--- DATASET SECTION ---
····················
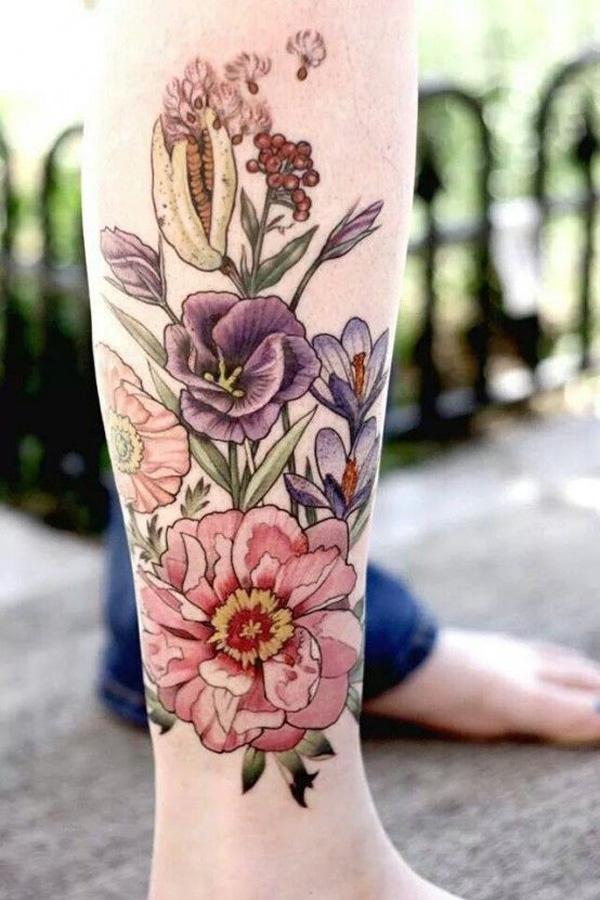 50+ Examples of Colorful Tattoos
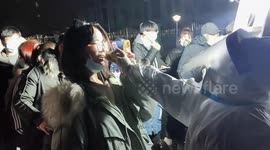Footage Of Residents Nucleic Acid Tests In Anyang City, China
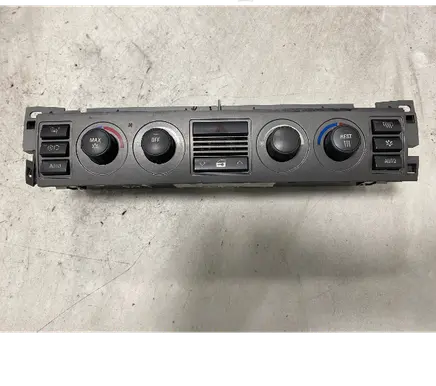 BMW 7 E65 E66 Climate control unit 6922446 900251230015 628255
····················
--- WHAT THIS TASK INVOLVES ---
All of the listing is to be written out exactly, with the pictures left out.

--- TASK SOLUTION ---
 50+ Examples of Colorful Tattoos
Footage Of Residents Nucleic Acid Tests In Anyang City, China
 BMW 7 E65 E66 Climate control unit 6922446 900251230015 628255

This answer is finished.